A distinct denser form of amorphous ice can be prepared by compression of hexagonal ice at low temperatures.[11] High-density amorphous ice (HDA) exists in various substates,[5] with the two extreme cases being very high-density amorphous ice (VHDA) and expanded HDA (eHDA).[12] The amorphous ices are suggested to undergo a glass–liquid transition to its corresponding liquid states of water, high- and low-density liquids (HDL and LDL, respectively).[13−16] Previously, a calorimetric glass transition was detected in HDA at 116 K[17] and in LDA at 136 K.[18] Some experimental studies support the finding of the glass–liquid transition,[17−21] while others doubt the relationship of amorphous ice and liquid water.[22−24] Computer simulations using different water models have suggested different thermodynamic scenarios over the last few decades.[25−27] However, recent results show that different water models also converge to the same picture of two liquid states of water and the existence of a liquid–liquid critical point (LLCP).[26,28] Experimentally, the solid-state HDA and LDA can be reversibly converted into each other by compression–decompression.[29,30] The temperature-induced transition at ambient pressure is irreversible;[9,11,31] X-ray diffraction studies showed that eHDA transforms to HDL and finally to LDL in a diffusive manner at around 140 K,[21] being consistent with the LLCP model.[26,28] Other experimental studies also report on an HDA-like state formed by vapor deposition at 10 K[32] and by irradiation of plunge-frozen amorphous ice with an electron beam using transmission electron microscopy (TEM) at T < 30 K.[8,33] This ice is slightly less compact compared to HDA formed at high pressures.

Electron beam-induced movement of vitrified specimens and translational motion of single particles within the amorphous ice matrix or even the motion of the ice itself has been discussed widely in the EM literature.[7,33−35] The random motion of particles embedded in vitrified water is one of the challenges in cryo-EM,[35] as it leads to blurring of the image and reduces the contrast, in particular, for small objects.[7] A major source of motion has been connected to radiolysis and the electrostatic charging of the amorphous ice and the carbon support film on the grid itself.[7,8] Some additional motion, however, is related to beam-induced changes in the ice layer.[34,35] Understanding the origin of this motion is important to find possible ways to avoid this effect and to learn about the nature of vitrified water itself.

Methods

While amorphous ice in EM studies is typically made by plunge-freezing, the present study instead focuses on ED of the high-pressure forms eHDA and VHDA as starting materials.
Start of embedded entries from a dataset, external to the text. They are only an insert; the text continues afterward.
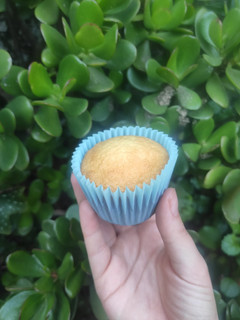 Una foto de Cupcakes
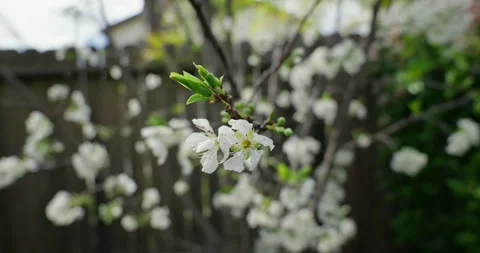 Close-Up of White Plum Tree Flowers Blooming Against a Wooden Fence Stock Footage 321199467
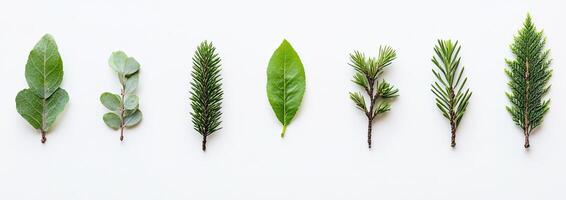 Diverse Green Foliage Display photo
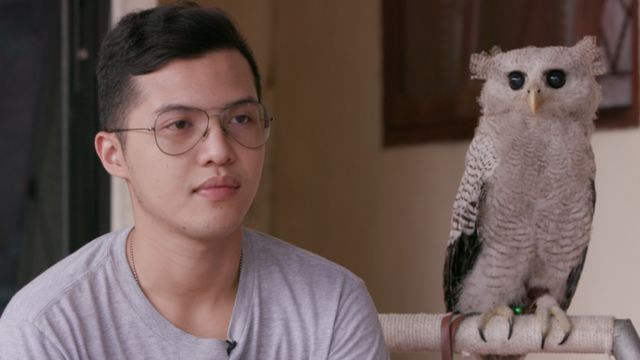 burung hantu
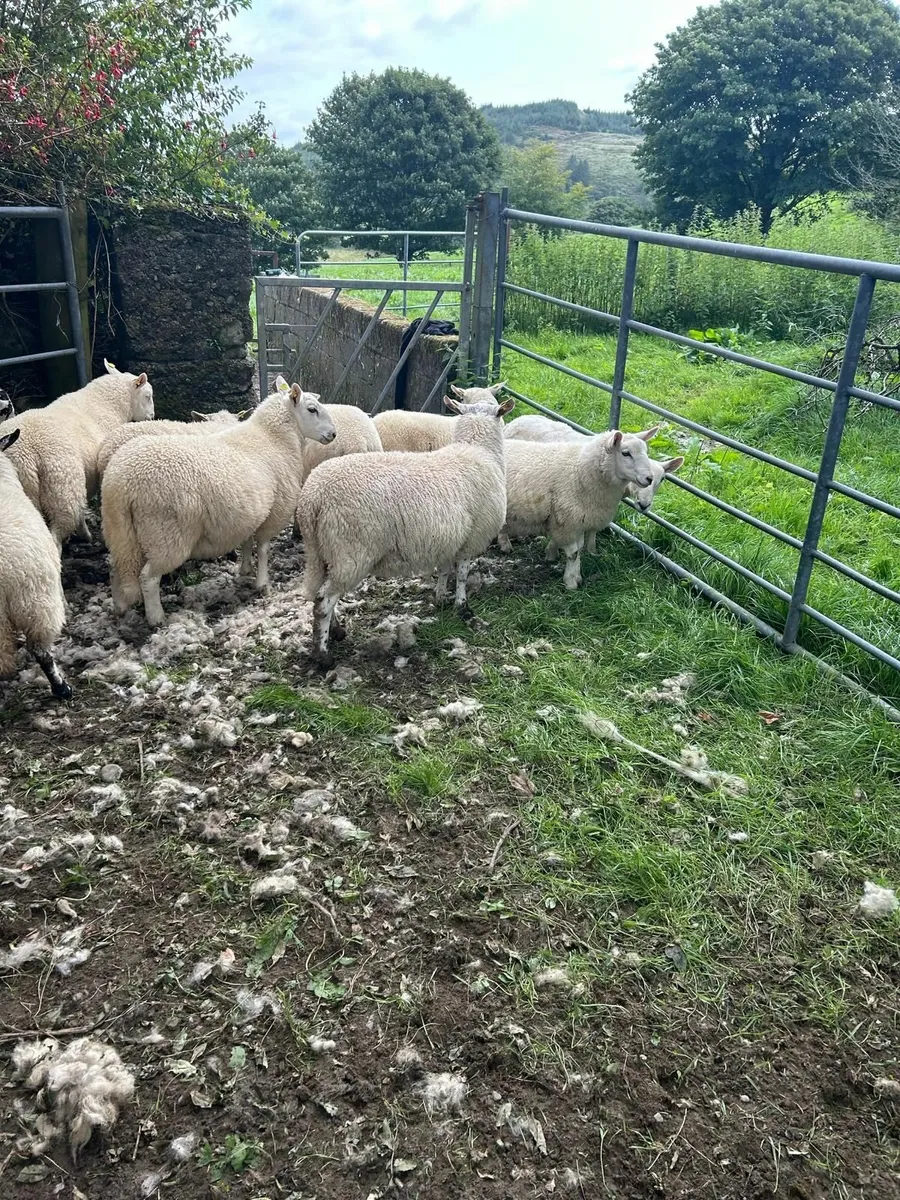 Store lambs - Image 3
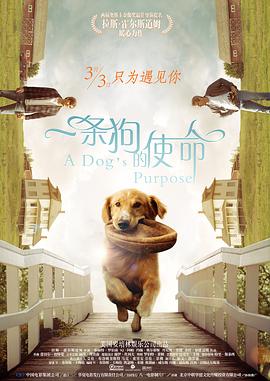 狠狠操狠狠干2017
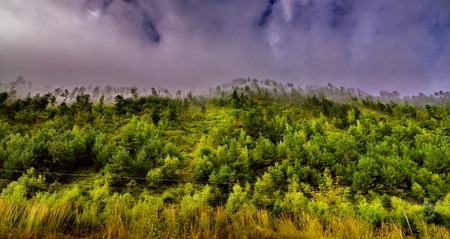 pine forest with mist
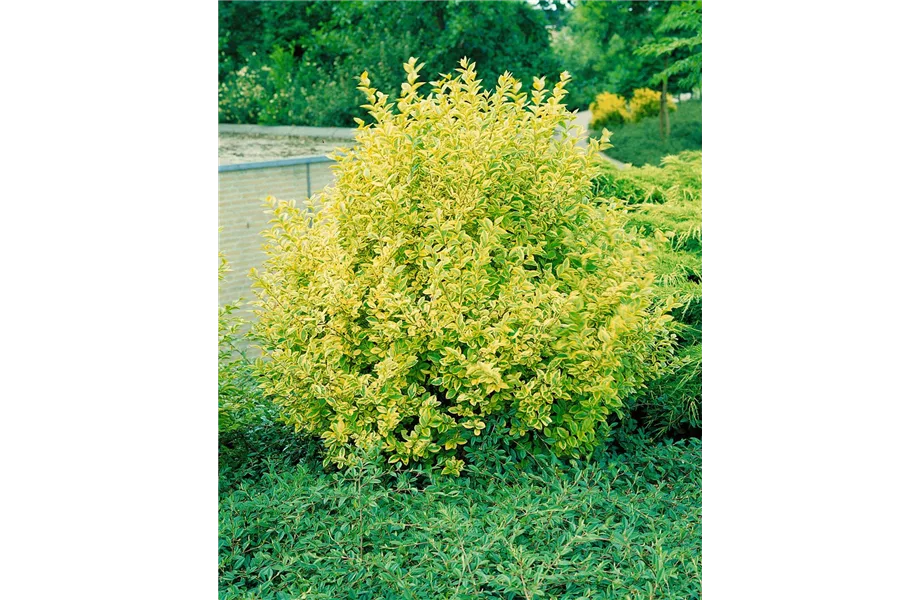 Das geeignete Winterquartier! Das geeignete Winterquartier!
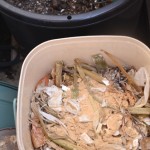 生ゴミ堆肥はじめました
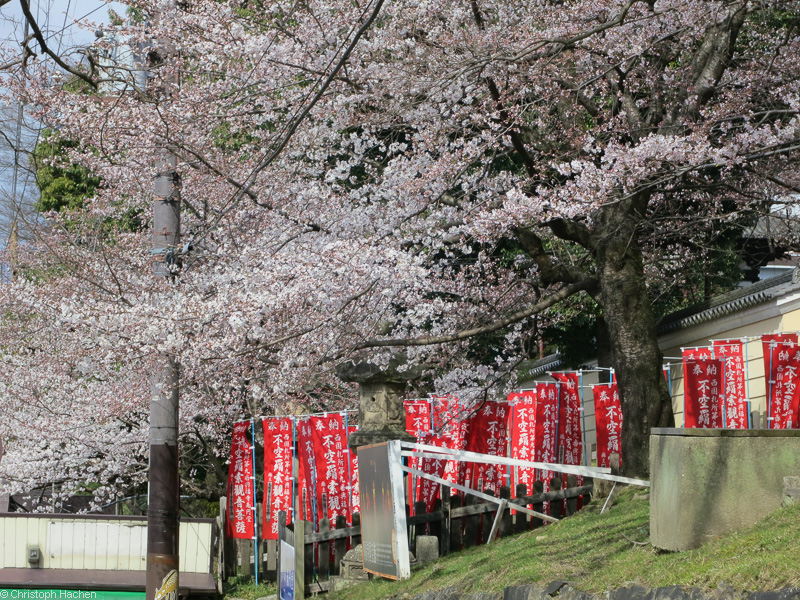 Japan - Nara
The amorphous ice samples are made ex situ by pressure-induced amorphization using a piston cylinder setup, as described earlier;[5,11] details can be found in the Supporting Information. The amorphous ice samples are ground to a fine powder inside a bath of liquid nitrogen. A few fragments of the crushed ice are collected by dipping a TEM grid (QUANTIFOIL R2/1, Cu, 300 mesh) into the ice powder. Using this procedure gives a unique opportunity to handle samples that cannot be mounted onto an EM grid in the conventional way. The grid was transferred onto a cryo-transfer tomography holder (Gatan type-914) and inserted into a JEOL 2010 TEM with the LaB6 filament. ED experiments were performed under a parallel electron illumination with an acceleration voltage of 200 kV. We used an electron beam of 6 μm in diameter with an estimated dose rate of 0.1 e– s–1 Å–2. ED patterns were collected continuously using an ultrafast hybrid pixel detector (Timepix, Amsterdam Scientific Instruments, 8 ms dead time, 512 × 512 pixels). TEM images were collected using a side-entry Gatan Orius SC200 detector.

Results

Figure (upper row) shows the TEM bright-field images of amorphous ice cold-loaded under liquid nitrogen on a cryo-transfer holder. Our sample preparation method does not provide us with a homogenous ice film but rather with many fragments of amorphous ice on top of a Cu grid. This way small crystalline ice flakes also get onto the grid during the loading procedure, as visible by the hexagonal shape of the centered flake in Figure a. The corresponding diffraction pattern (bottom row, 1d) shows Bragg reflections of hexagonal ice. Amorphous ice fragments are instead larger without sharp edges (Figure b,c). We estimate the flakes to be on the order of 50–500 nm thickness, while they appear black (nontransparent) in the case of a larger thickness. Diffraction patterns taken from thin flakes show the characteristic smooth rings for amorphous ice. Figure e shows a VHDA sample, which can be transformed into LDA (1f), as seen by the change in the inner diffraction ring, and discussed in detail below.

Figure 1

TEM bright-field images with high magnification (upper row) and diffraction patterns (lower row) of hexagonal ice (a, d) and the amorphous ices VHDA (b, e) and LDA (c, f), formed after transition. Images are taken as representative examples. The ice samples were prepared following a well-established protocol and afterward ground to a fine powder inside a bath of liquid nitrogen. A few fragments of the crushed ice were collected by dipping a TEM grid (QUANTIFOIL R2/1, Cu, 300 mesh) in the ice powder.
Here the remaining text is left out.